• **Aim of the exercise**
A verbatim copy of the listing is needed; pictures are to be left out.
· · ·
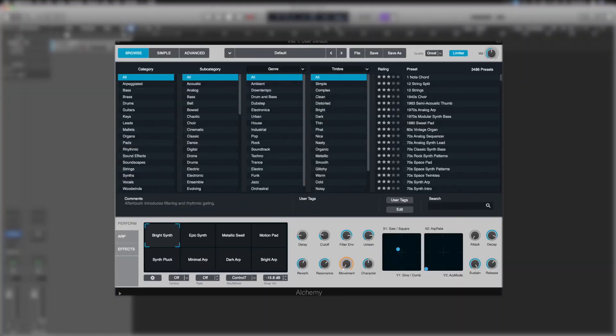Alright, here we are in the confines of Logic and we've loaded up Alchemy. When you first load up Alchemy, this is very simply the screen you're met with.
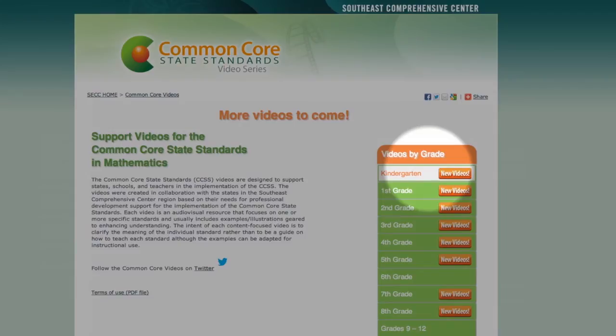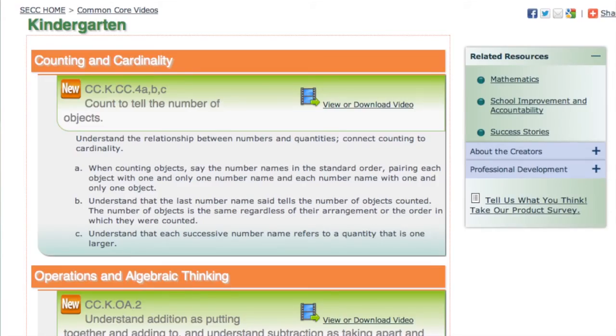Note that the videos are organized by grade level on the right side of the main page. When you select the grade level, a new page containing a list of standards with available videos for that grade level opens. On the right side of the page, you will find links to related resources, including a link to a product survey where you can comment about the utility of the videos and submit suggestions for making this a better and more effective resource.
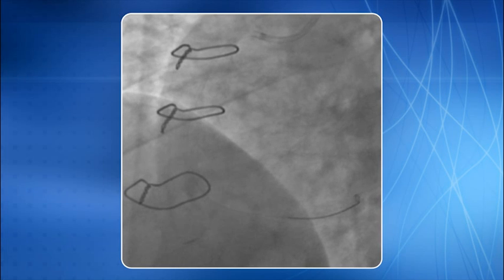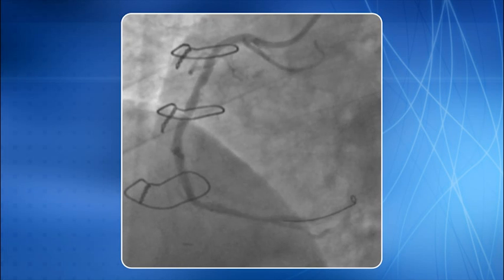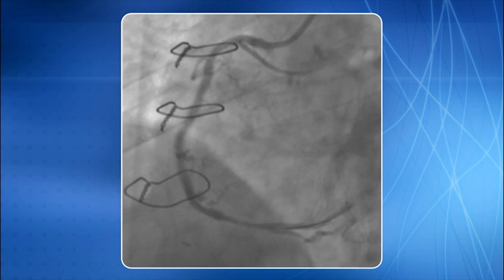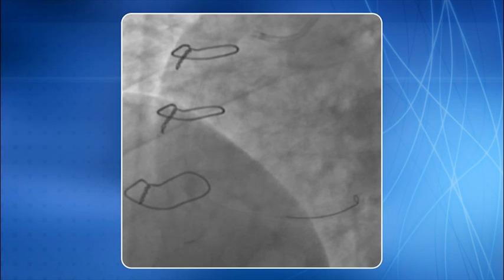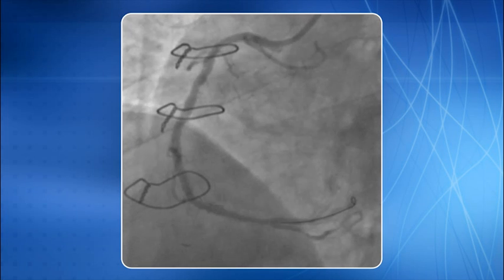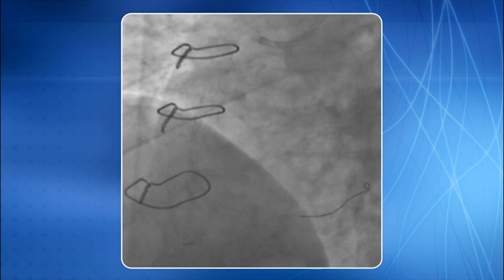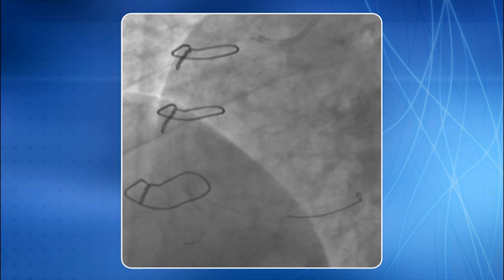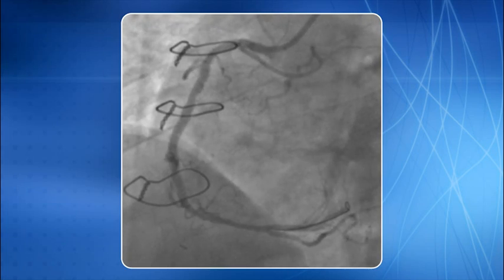RCA ostium is now cannulated and RCA intervention is in progress. Once the JL guide sits properly in the RCA ostium, it almost acts like an extra backup guide working for the left.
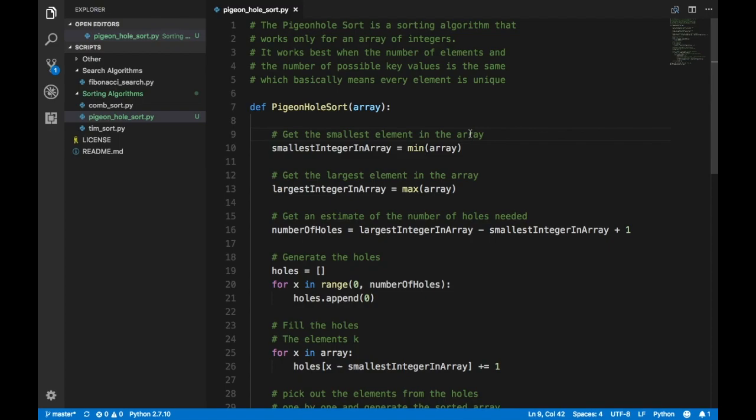The first thing is you need to get the smallest and the largest element in the array. This is not a comparison-based algorithm like bubble sort where you compare the first and second values — it doesn't work like that. It works on the value itself; it uses that value to sort the array. There is no comparison here.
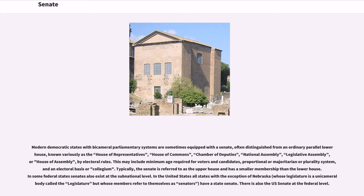Typically, the Senate is referred to as the upper house and has a smaller membership than the lower house. In some federal states, Senates also exist at the subnational level. In the United States, all states with the exception of Nebraska have a state Senate. There is also the U.S. Senate at the federal level.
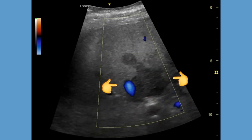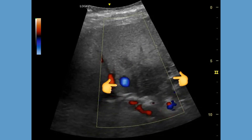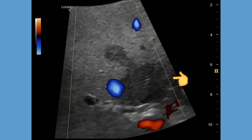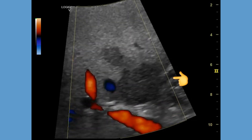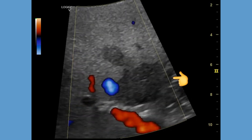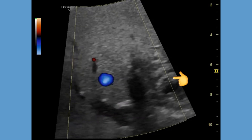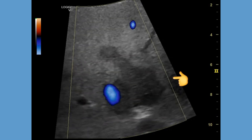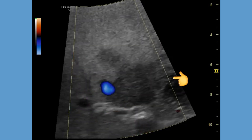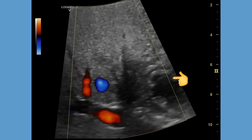Focal fatty sparing is usually hypoechoic or isoechoic on ultrasound. Color Doppler shows normal blood flow in this region. As in this case, the lesion may have a geographic shape and is typically close to the gallbladder fossa.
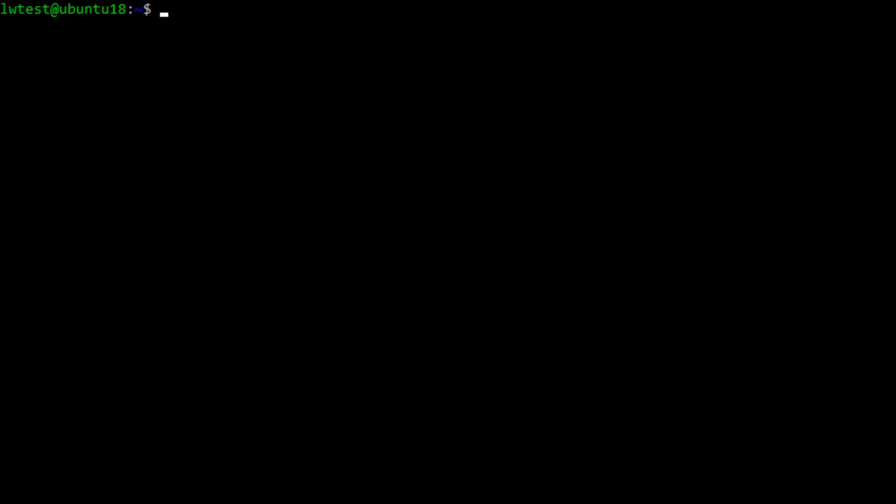Enter the command: git config --global user.name "your name".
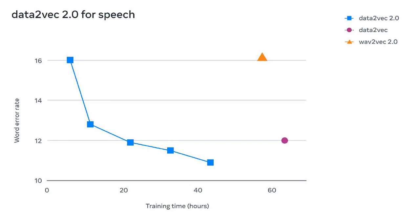For natural language processing (NLP), we evaluated Data2Vec 2.0 on the popular General Language Understanding Evaluation (GLUE) benchmark, where it achieved the same accuracy as RoBERTa, a re-implementation of BERT, in half the training time.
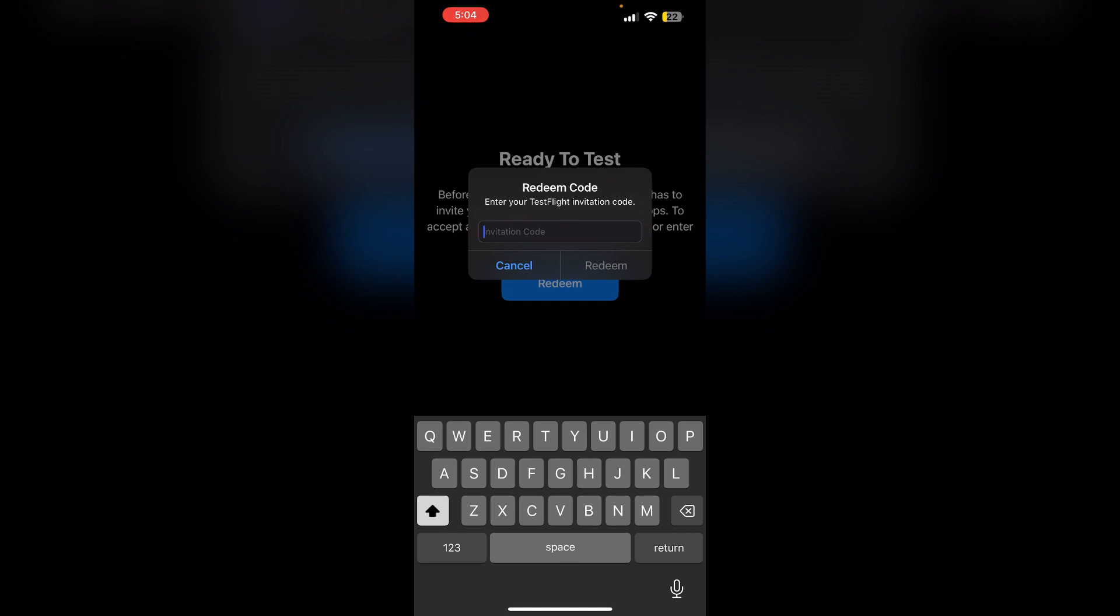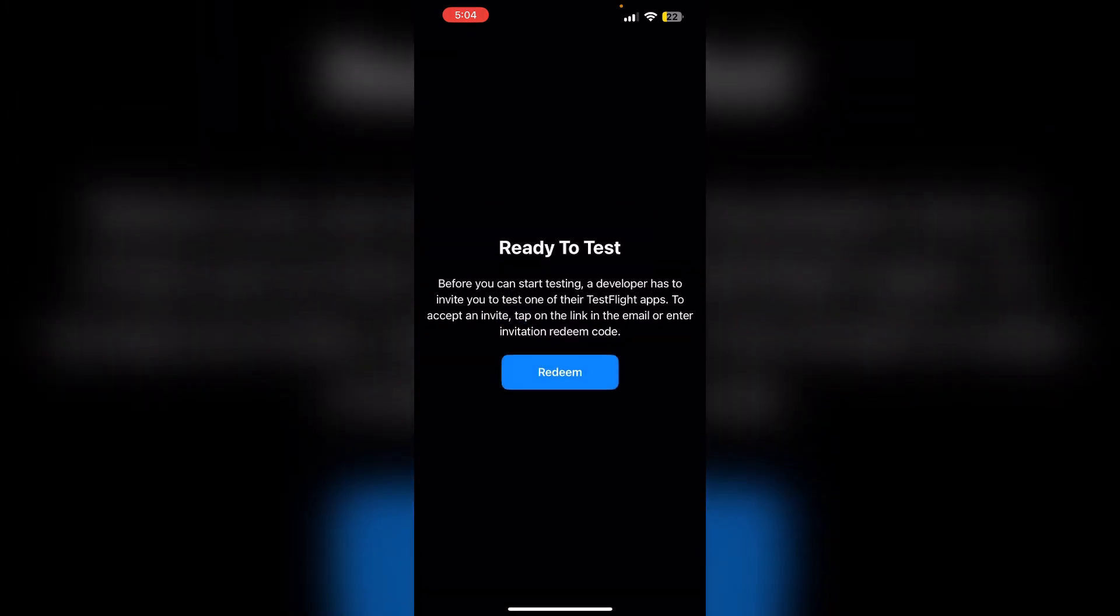In that case, you can try restarting your device. To restart your device, press the volume up button and the volume down button. Press and hold the side button until you see the Apple logo appear. Then sign out of your Apple ID and sign back in.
· · ·
• **Exercise answer**
Alright, here we are in the confines of Logic and we've loaded up Alchemy. When you first load up Alchemy, this is very simply the screen you're met with.
Note that the videos are organized by grade level on the right side of the main page. When you select the grade level, a new page containing a list of standards with available videos for that grade level opens. On the right side of the page, you will find links to related resources, including a link to a product survey where you can comment about the utility of the videos and submit suggestions for making this a better and more effective resource.
RCA ostium is now cannulated and RCA intervention is in progress. Once the JL guide sits properly in the RCA ostium, it almost acts like an extra backup guide working for the left.
The first thing is you need to get the smallest and the largest element in the array. This is not a comparison-based algorithm like bubble sort where you compare the first and second values — it doesn't work like that. It works on the value itself; it uses that value to sort the array. There is no comparison here.
Typically, the Senate is referred to as the upper house and has a smaller membership than the lower house. In some federal states, Senates also exist at the subnational level. In the United States, all states with the exception of Nebraska have a state Senate. There is also the U.S. Senate at the federal level.
Focal fatty sparing is usually hypoechoic or isoechoic on ultrasound. Color Doppler shows normal blood flow in this region. As in this case, the lesion may have a geographic shape and is typically close to the gallbladder fossa.
Enter the command: git config --global user.name "your name".
For natural language processing (NLP), we evaluated Data2Vec 2.0 on the popular General Language Understanding Evaluation (GLUE) benchmark, where it achieved the same accuracy as RoBERTa, a re-implementation of BERT, in half the training time.
In that case, you can try restarting your device. To restart your device, press the volume up button and the volume down button. Press and hold the side button until you see the Apple logo appear. Then sign out of your Apple ID and sign back in.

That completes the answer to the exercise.